WMFC
- Monroeville, Alabama; United States;
- Frequency: 99.3 MHz
- Branding: Kool Gold 99.3

Programming
- Format: Oldies
- Affiliations: Westwood One

Ownership
- Owner: Monroe Broadcasting Company, Inc.
- Sister stations: WMFC (AM)

History
- First air date: November 1965
- Former call signs: WMFC-FM (1965–2010)
- Call sign meaning: Monroeville-Frisco City

Technical information
- Licensing authority: FCC
- Facility ID: 43534
- Class: C2
- ERP: 30,000 watts
- HAAT: 94 meters (308 ft)
- Transmitter coordinates: 31°30′51″N 87°17′55″W﻿ / ﻿31.51417°N 87.29861°W

Links
- Public license information: Public file; LMS;

= WMFC (FM) =

WMFC (99.3 FM, "Kool Gold 99.3") is a radio station licensed to serve Monroeville, Alabama, United States. The station is owned by Monroe Broadcasting Company, Inc.

==Programming==
WMFC broadcasts an oldies music format which includes satellite-fed programming from ABC Radio and Jones Radio Network. In addition to its usual music programming, the station airs University of Alabama athletics events including Crimson Tide football and basketball.

==History==
This station began regular broadcasting in November 1965 with 3,000 watts of effective radiated power on a frequency of 99.3 MHz. Launched by the Monroe Broadcasting Company, Inc., the station and its sister station WMFC (1360 AM) were owned by William M. Stewart, publisher of the weekly Monroe Journal and South Alabamian newspaper.

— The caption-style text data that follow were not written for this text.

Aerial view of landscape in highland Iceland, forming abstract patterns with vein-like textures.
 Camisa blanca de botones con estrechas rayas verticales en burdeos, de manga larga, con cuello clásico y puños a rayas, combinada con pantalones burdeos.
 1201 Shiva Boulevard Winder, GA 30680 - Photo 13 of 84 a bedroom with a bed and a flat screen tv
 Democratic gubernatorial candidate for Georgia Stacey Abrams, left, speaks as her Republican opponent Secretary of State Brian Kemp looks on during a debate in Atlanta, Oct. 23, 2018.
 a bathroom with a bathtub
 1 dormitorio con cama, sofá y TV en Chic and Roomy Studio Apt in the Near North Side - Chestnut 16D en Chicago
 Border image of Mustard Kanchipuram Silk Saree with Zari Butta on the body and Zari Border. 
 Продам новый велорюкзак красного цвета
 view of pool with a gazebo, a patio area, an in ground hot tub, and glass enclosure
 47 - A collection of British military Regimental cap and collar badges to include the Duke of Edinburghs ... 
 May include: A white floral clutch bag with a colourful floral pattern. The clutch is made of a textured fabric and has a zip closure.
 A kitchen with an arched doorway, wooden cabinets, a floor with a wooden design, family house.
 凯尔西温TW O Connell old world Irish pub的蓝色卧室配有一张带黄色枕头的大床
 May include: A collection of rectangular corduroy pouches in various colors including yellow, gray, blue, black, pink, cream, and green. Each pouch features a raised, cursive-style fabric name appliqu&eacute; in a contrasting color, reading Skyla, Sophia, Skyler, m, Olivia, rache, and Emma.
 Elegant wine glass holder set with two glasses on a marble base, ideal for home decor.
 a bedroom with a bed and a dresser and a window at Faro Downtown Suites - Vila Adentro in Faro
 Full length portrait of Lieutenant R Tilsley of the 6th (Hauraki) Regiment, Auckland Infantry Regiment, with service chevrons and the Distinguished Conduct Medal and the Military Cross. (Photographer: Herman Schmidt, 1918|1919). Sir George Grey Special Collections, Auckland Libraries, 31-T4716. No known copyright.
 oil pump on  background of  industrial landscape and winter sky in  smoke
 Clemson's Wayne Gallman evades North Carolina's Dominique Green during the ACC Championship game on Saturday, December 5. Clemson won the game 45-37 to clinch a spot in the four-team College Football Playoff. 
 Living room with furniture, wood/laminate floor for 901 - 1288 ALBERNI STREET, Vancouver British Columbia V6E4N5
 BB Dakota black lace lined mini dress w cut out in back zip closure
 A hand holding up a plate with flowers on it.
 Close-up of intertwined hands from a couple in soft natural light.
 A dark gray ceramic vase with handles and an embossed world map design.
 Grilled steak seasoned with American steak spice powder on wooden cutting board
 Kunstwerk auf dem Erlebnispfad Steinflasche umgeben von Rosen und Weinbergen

WMFC-FM's original broadcast studios were located in a Quonset hut near downtown Monroeville. The station's current studios are in a brick building on Alabama State Route 21, just northeast of the city.

In December 1992, WMFC-FM was issued a construction permit by the FCC that allowed them upgrade to class C2 and to increase broadcast power to 50,000 watts from an antenna 150 meters (492 feet) in height above average terrain.

On November 30, 2010, the station changed its call sign to the current WMFC.

WMFC has been owned continuously by the Stewart family since its 1965 launch. After station founder William M. Stewart died in early 1995, ownership of Monroe Broadcasting Company, Inc., passed to his widow, Carolyn H. Stewart. The AM/FM station combo is managed by their son, David Stewart, who has been involved with the station since first hosting a weekend radio show at age 10.